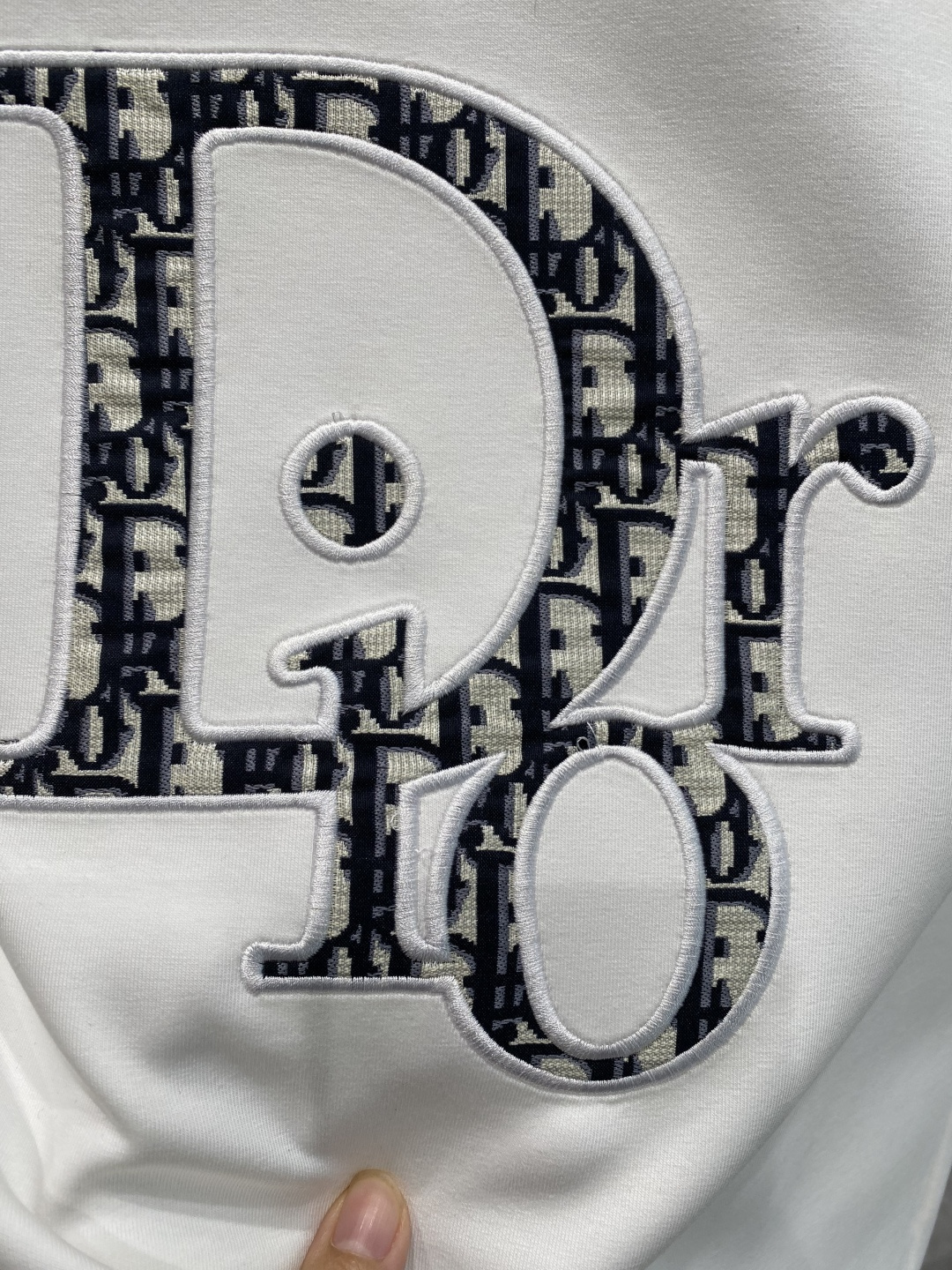 🌾 《𝙉𝙚𝙬🤍🖤迪家》25秋冬新品空气层 圆领卫衣，正面品牌标识设计，创意重释品牌标志性设计，采用400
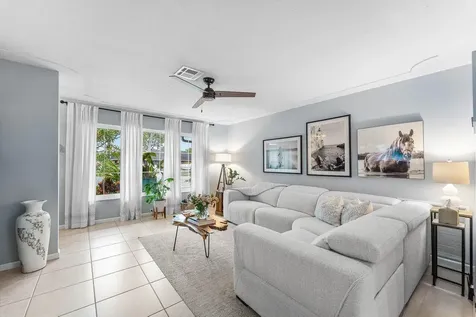 2527 SW 12th Street Boynton Beach FL 33426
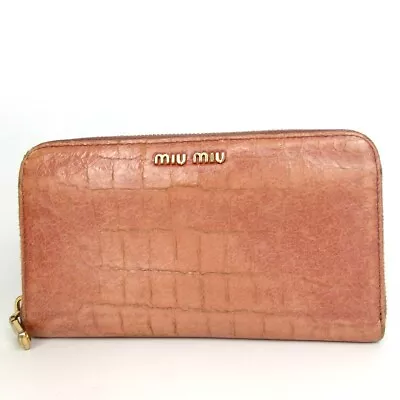 Authentic Miu Miu  Purse Leather[Used] • $0.99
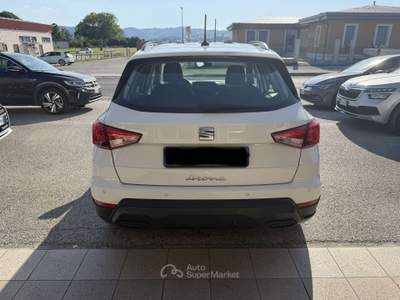 Seat Arona Arona  1.0 tgi Reference 90cv Bianco usata Gubbio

## Exercise prompt
A word-for-word copy of the lines from the one with "Authentic Miu Miu" through the last line of the data above is required, with both end lines included and no pictures.

## Task answer
 Authentic Miu Miu  Purse Leather[Used] • $0.99
 Seat Arona Arona  1.0 tgi Reference 90cv Bianco usata Gubbio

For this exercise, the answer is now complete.